What is required – Find the line in the entries below that contains "Dollhouse Miniature Large". Repeat it exactly, and every line after it through the line that contains "Totes Dames Modetas".

Source material –
==============================
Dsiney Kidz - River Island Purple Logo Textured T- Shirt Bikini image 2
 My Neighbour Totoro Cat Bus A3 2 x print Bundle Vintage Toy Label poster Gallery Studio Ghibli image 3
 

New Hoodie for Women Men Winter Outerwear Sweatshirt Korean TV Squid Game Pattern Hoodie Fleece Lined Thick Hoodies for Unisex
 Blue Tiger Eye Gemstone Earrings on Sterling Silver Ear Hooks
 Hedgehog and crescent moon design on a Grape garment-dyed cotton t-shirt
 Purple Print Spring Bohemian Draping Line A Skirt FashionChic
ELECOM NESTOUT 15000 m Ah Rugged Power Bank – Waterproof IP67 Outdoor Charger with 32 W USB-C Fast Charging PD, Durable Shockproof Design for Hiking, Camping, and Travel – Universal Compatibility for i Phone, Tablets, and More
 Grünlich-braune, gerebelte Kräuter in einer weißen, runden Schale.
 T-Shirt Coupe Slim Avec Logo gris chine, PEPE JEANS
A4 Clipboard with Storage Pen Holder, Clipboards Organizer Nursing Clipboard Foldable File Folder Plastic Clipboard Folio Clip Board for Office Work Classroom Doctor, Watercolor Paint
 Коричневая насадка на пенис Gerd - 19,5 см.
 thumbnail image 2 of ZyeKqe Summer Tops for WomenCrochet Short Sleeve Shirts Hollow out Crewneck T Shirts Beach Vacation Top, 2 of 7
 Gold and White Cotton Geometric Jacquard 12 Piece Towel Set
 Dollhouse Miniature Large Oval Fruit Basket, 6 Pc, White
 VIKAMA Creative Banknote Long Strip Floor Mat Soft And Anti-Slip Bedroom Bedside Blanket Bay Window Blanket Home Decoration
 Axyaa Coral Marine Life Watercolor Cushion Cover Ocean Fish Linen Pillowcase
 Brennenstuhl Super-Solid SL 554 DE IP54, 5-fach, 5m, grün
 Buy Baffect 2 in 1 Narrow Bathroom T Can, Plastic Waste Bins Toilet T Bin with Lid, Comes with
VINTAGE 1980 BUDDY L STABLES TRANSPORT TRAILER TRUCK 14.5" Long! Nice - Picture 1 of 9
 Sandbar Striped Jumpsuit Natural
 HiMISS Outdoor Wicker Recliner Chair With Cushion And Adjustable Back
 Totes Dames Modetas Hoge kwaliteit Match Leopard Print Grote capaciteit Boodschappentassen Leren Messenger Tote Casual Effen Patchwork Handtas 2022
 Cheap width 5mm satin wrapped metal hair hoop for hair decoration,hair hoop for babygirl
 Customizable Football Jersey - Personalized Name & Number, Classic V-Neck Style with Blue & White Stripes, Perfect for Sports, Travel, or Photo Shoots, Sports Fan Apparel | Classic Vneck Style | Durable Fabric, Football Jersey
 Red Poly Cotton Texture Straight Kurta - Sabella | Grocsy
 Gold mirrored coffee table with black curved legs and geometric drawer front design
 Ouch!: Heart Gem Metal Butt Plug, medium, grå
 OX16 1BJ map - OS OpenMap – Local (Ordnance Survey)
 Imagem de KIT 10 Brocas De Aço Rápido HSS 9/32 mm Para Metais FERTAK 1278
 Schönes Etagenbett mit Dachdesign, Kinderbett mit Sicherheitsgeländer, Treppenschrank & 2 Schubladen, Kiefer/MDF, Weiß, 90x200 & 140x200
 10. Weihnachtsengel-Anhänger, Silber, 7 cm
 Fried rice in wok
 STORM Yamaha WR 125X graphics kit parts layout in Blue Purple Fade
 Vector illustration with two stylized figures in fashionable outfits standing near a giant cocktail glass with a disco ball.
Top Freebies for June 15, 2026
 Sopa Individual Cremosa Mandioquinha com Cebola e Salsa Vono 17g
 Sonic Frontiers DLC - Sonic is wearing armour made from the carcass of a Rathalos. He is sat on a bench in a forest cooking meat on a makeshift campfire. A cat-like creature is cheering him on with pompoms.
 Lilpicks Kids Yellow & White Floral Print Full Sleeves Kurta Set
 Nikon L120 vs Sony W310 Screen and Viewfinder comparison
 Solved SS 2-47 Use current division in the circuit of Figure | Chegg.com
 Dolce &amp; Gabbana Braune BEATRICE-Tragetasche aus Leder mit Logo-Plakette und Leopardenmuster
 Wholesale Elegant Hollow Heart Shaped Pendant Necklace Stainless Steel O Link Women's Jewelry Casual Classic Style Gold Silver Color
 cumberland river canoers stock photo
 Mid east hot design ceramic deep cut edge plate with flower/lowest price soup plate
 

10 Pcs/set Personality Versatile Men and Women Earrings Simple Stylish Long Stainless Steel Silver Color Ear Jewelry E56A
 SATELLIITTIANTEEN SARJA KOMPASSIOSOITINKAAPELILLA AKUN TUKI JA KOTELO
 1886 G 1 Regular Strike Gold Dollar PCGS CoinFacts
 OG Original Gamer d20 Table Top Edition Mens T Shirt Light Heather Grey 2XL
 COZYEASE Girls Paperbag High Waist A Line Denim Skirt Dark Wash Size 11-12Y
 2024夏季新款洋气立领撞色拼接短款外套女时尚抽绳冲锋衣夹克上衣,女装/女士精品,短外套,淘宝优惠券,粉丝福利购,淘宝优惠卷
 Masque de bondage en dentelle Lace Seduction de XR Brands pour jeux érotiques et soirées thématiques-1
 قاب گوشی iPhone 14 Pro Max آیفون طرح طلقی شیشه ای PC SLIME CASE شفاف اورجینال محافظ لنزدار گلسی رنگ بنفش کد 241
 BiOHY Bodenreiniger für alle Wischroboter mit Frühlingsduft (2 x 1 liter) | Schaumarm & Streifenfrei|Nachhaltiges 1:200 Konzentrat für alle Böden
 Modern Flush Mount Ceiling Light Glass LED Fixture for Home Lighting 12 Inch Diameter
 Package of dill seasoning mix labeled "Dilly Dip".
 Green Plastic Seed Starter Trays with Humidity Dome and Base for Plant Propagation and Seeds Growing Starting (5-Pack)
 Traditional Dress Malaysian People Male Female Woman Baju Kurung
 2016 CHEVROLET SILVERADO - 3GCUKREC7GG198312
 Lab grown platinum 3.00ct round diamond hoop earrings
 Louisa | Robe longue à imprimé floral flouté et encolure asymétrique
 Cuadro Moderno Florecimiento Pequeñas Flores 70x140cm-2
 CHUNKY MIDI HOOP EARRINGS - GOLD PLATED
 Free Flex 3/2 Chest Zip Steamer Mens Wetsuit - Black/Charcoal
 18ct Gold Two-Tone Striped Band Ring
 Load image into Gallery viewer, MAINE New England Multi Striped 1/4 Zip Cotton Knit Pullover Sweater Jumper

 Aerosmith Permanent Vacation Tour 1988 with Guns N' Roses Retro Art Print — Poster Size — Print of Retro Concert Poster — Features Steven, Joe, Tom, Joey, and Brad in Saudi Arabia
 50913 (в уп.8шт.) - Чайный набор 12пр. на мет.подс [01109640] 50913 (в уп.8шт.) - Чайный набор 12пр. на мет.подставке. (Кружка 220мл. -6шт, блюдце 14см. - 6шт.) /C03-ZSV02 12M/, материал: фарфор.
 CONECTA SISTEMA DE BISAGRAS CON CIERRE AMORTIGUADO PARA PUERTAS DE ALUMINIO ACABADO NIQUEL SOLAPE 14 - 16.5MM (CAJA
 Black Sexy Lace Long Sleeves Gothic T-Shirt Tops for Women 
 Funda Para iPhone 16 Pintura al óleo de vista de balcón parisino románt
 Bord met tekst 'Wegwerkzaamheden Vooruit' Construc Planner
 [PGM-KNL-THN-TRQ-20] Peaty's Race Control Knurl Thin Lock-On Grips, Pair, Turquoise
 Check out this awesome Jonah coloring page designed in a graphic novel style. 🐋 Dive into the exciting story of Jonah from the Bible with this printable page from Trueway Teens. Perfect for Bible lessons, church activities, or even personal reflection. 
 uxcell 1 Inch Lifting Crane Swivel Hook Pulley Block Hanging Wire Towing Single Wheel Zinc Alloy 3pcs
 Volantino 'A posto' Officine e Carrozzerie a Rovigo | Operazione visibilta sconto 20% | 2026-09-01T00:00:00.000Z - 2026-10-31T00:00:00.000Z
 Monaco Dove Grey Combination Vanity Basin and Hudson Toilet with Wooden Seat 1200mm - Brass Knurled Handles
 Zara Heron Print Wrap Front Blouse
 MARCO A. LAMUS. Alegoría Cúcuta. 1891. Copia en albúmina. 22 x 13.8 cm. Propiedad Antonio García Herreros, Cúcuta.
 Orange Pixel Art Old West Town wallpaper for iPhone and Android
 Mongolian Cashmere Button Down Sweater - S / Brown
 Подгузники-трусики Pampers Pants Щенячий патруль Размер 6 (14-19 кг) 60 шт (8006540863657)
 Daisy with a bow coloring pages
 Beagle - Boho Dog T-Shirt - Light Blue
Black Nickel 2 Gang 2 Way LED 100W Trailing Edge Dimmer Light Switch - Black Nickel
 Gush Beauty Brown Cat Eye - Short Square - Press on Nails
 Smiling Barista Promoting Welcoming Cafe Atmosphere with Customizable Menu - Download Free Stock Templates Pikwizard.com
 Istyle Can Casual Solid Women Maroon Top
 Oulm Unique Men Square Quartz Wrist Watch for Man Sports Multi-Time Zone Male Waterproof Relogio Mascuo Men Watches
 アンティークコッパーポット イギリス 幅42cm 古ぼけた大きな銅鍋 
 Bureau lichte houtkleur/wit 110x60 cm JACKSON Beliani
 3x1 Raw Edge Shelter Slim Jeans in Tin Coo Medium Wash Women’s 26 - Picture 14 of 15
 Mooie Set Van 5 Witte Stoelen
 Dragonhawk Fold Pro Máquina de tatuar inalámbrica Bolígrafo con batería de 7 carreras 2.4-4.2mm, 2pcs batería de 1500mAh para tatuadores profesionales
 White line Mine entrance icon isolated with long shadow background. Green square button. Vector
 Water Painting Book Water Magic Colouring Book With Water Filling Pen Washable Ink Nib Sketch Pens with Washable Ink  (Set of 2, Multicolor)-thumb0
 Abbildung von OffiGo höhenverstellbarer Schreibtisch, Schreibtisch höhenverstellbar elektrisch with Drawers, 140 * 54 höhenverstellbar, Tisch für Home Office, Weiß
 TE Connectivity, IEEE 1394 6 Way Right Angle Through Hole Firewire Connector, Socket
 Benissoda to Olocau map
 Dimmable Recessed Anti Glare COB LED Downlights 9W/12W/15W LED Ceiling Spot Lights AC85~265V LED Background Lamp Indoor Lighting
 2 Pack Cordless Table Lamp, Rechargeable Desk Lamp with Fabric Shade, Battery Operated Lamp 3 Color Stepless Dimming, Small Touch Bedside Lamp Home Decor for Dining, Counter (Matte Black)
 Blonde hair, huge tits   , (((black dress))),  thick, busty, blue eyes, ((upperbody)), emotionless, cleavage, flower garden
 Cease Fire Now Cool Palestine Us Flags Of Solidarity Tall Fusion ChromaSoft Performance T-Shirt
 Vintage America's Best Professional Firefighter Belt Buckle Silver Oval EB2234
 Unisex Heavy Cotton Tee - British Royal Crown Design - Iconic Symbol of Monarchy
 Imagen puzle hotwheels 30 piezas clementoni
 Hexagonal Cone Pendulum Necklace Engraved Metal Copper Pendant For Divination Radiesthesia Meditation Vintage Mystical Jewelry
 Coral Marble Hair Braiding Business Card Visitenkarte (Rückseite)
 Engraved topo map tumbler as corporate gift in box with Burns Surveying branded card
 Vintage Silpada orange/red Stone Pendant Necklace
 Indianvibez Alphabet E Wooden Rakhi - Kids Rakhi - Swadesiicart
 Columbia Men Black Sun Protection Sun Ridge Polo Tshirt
==============================
Solved exercise –
 Dollhouse Miniature Large Oval Fruit Basket, 6 Pc, White
 VIKAMA Creative Banknote Long Strip Floor Mat Soft And Anti-Slip Bedroom Bedside Blanket Bay Window Blanket Home Decoration
 Axyaa Coral Marine Life Watercolor Cushion Cover Ocean Fish Linen Pillowcase
 Brennenstuhl Super-Solid SL 554 DE IP54, 5-fach, 5m, grün
 Buy Baffect 2 in 1 Narrow Bathroom T Can, Plastic Waste Bins Toilet T Bin with Lid, Comes with
VINTAGE 1980 BUDDY L STABLES TRANSPORT TRAILER TRUCK 14.5" Long! Nice - Picture 1 of 9
 Sandbar Striped Jumpsuit Natural
 HiMISS Outdoor Wicker Recliner Chair With Cushion And Adjustable Back
 Totes Dames Modetas Hoge kwaliteit Match Leopard Print Grote capaciteit Boodschappentassen Leren Messenger Tote Casual Effen Patchwork Handtas 2022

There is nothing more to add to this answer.